Rien de tel pour le jeune Africain qui, en fait d’écrits et d’instruments, moyens de construction de soi et de sa pensée, ne dispose à la naissance, que de quelques échos dilués par le temps, de la vie et de l’action de ses ancêtres : échos tributaires de la mémoire des hommes, parfois de leurs humeurs, sans garantie de rigueur et d’authenticité. Ce défaut de culture de l’écrit (non d’écriture), celle de la preuve par la lettre et le chiffre, fait qu’en Afrique (subsaharienne s’entend) la qualité de la transmission de la pensée, du savoir et du savoir-faire demeure une question primordiale, parce que soumise aux aléas et aux limites de la mémoire, en conséquence, victime potentielle du temps.
Le défaut de culture écrite a été doublement déterminant dans le regard porté sur l’Afrique par le reste du monde (particulièrement l’Europe), par tous ceux qui croient qu’il n’y a pas d’histoire sans écriture, ni de civilisation sans histoire écrite. L’Afrique n’entre officiellement dans l’histoire qu’au XIXe siècle avec la colonisation comme si cette date marquait l’apparition par génération spontanée de tout un continent et des êtres qui le peuplent. Son histoire propre est niée, gommée, il ne peut y en avoir, faute de preuves écrites et lisibles. L’absence d’écriture a empêché la capitalisation de faits, de connaissances et de richesses culturelles enfouis au fond des siècles et des millénaires, toute cette sagesse contenue dans l’oralité « le verbe, la parole, le symbole, le rythme ». Ce qui explique un long piétinement des techniques et des savoir-faire ancestraux ayant subi les faiblesses et les limites de la mémoire humaine. On fait dater le début de l’histoire de la Chine de 1250 av JC environ, tout simplement parce qu’il a été retrouvé les noms des rois Shang gravés sur des carapaces de tortues datant de cette époque, histoire rimant ainsi avec écriture selon les critères occidentaux.
Les progrès de lalangue chinoise au début de ce XXIe siècle, son extension sur le monde va de pair avec l’expansion économique de la Chine. De plus en plus d’écoles secondaires en France et ailleurs en Europe ont incorporé l’enseignement du chinois comme discipline d’excellence parce que langue écrite. Rien de tel pour Afrique où, à l’inverse, les langues ont tendance à décliner faute d’écriture.

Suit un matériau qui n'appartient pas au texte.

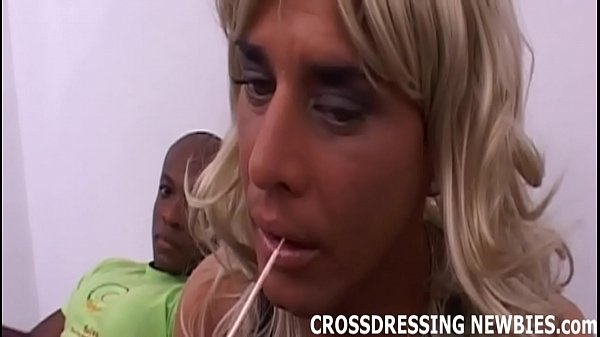 Crossdressing for the first time was so hot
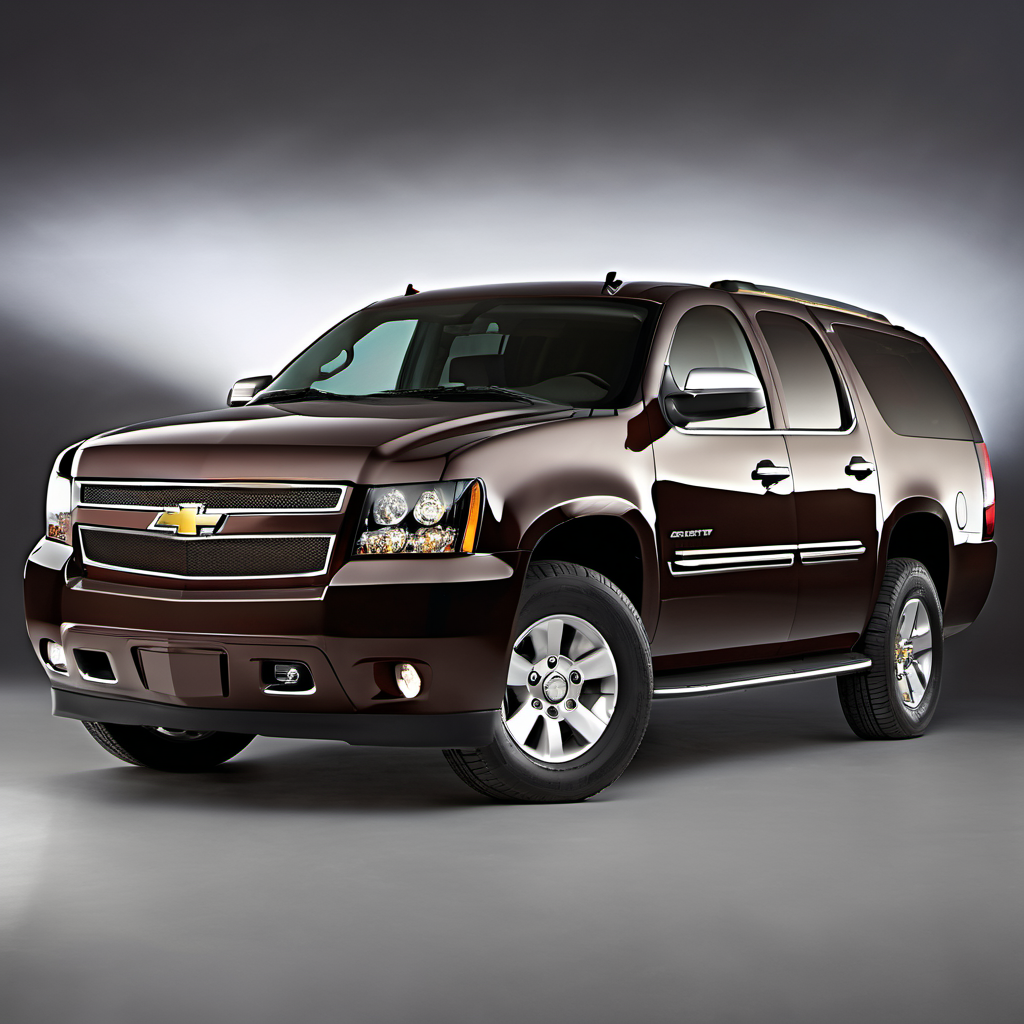 2012 Chevrolet Suburban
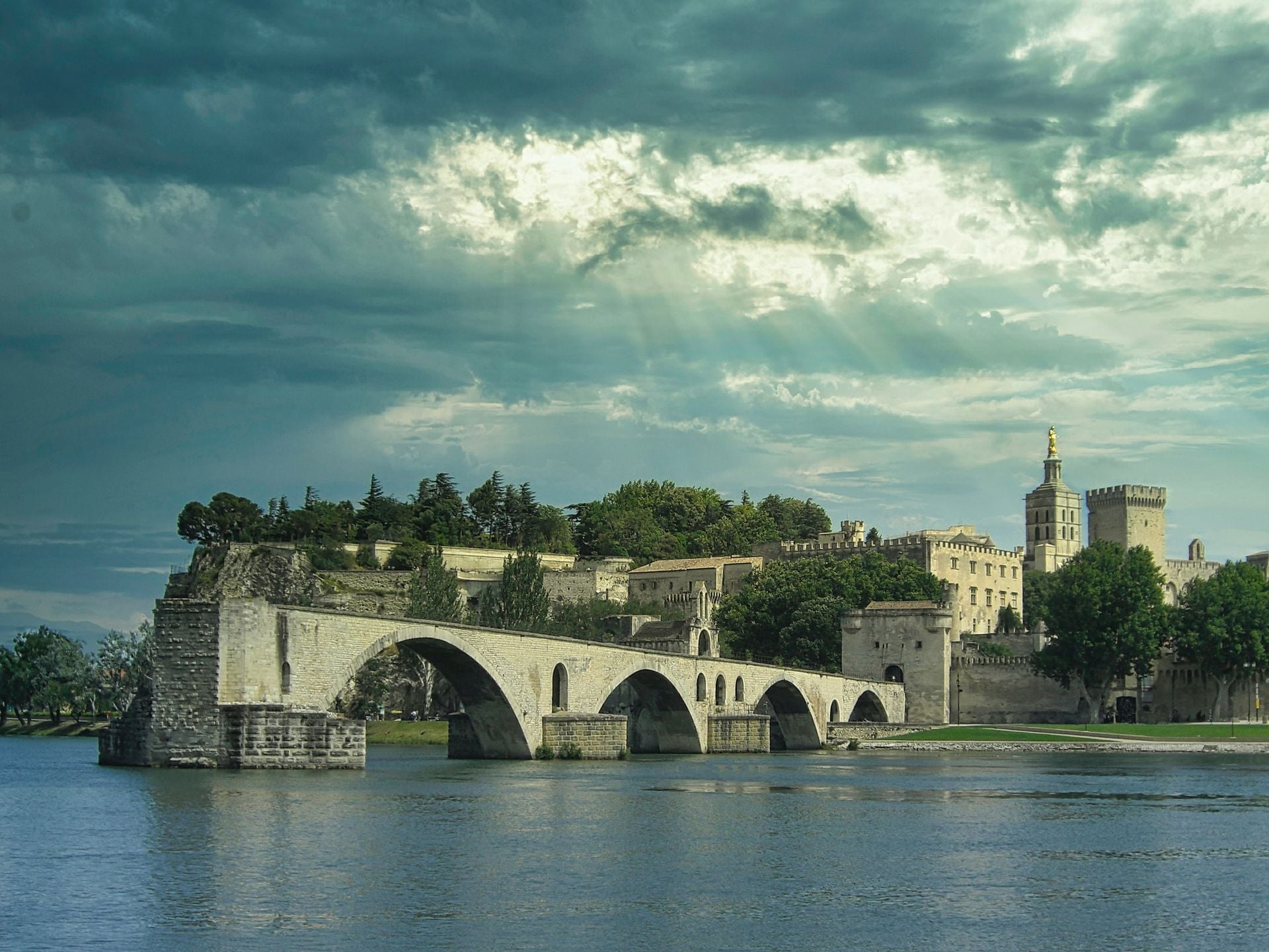 Bridge at Avignon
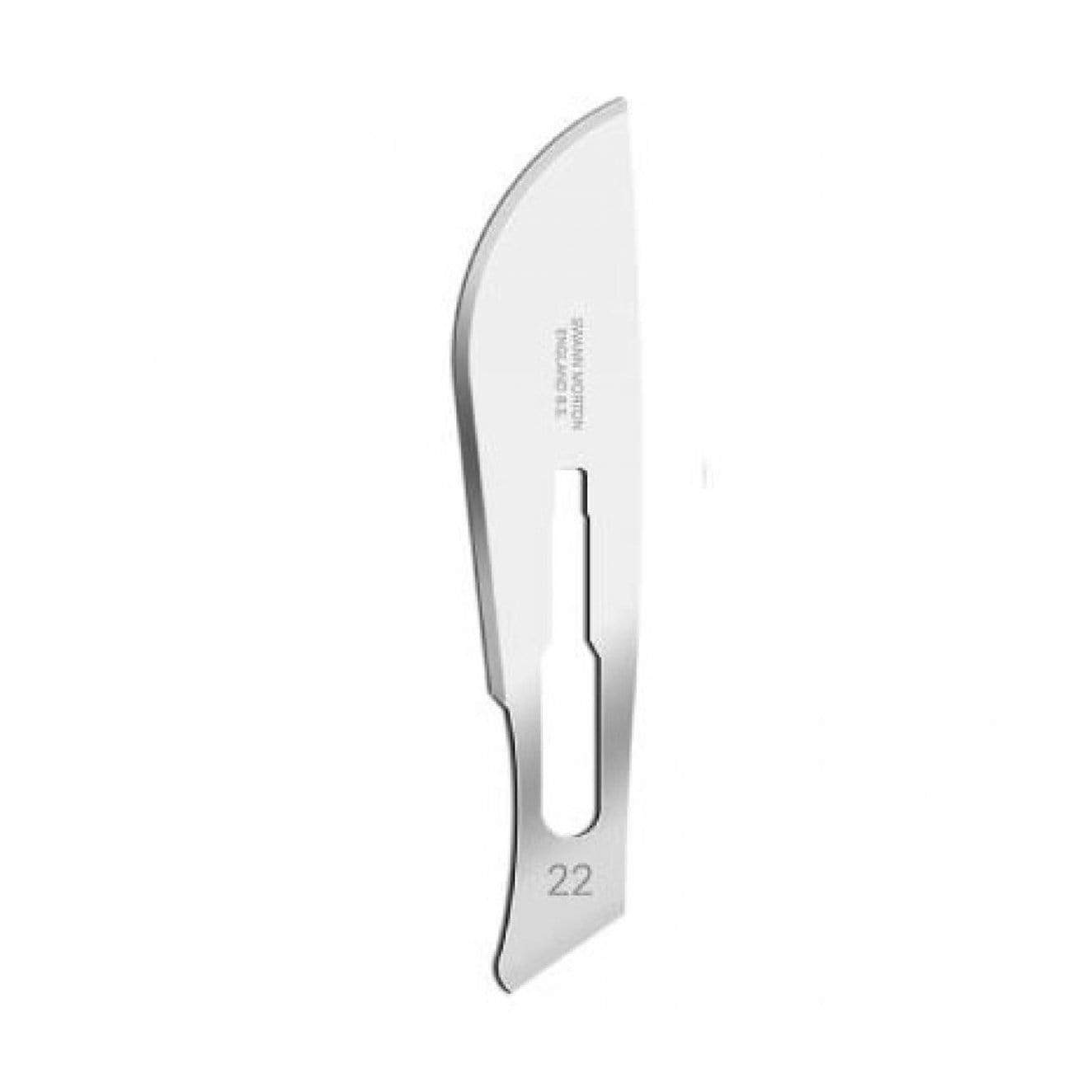 SWANN-MORTON Disposable Scalpel Retractable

Sur les 6 000 langues que compte le monde selon l’UNESCO, l’Afrique à elle seule en renferme le tiers. Mais 80% de ces langues sont uniquement orales. Elles ne peuvent avoir de ce fait aucun rayonnement international. Pire, menacées de disparition du fait de la globalisation ainsi que de la prédominance croissante des « grandes langues » : anglais, chinois, français, allemand… leur disparition signifie celle de toute une vision du monde qui n’enrichira plus ni l’Afrique, ni le patrimoine mondial.
Les peuples africains sont de ceux qui ont à se battre aujourd’hui pour faire reconnaître leur existence, mieux, leur droit à l’existence, c’est-à-dire leur passé, leurs cultures et leurs civilisations et convaincre qu’ils ont des valeurs aussi irréfutables et respectables que tous les autres peuples du monde, bref, qu’ils appartiennent bien à cette même espèce humaine, à égalité de dignité.
En réalité, s’il y a nécessité de livrer une telle bataille, celle-ci doit consister à fouiller les « entrailles de l’Afrique » afin de mieux y lire son identité, non pour s’y enfermer ou s’y ensevelir, mais pour la révéler et donner plus de raison d’espérer de l’Afrique.
Ecriture et oralité
Il n’y a pas de hiérarchie à établir entre les deux. Si l’écrit fixe la pensée et facilite le voyage dans le temps et dans l’espace, servant ainsi de passerelle vers l’Universel, la parole est vie et souffle.
Il faut plutôt voir ce que nous faisons de l’un et de l’autre ou ce qu’ils font de nous.
Au commencement était le verbe, la parole qui précède de loin le livre et l’écrit. Il s’agit d’en faire des outils de communication, d’ouverture, d’épanouissement individuel et collectif au service des hommes, par le biais de l’art et de la culture en général (ceux du corps et de l’esprit), vecteur de rencontre et de fusion.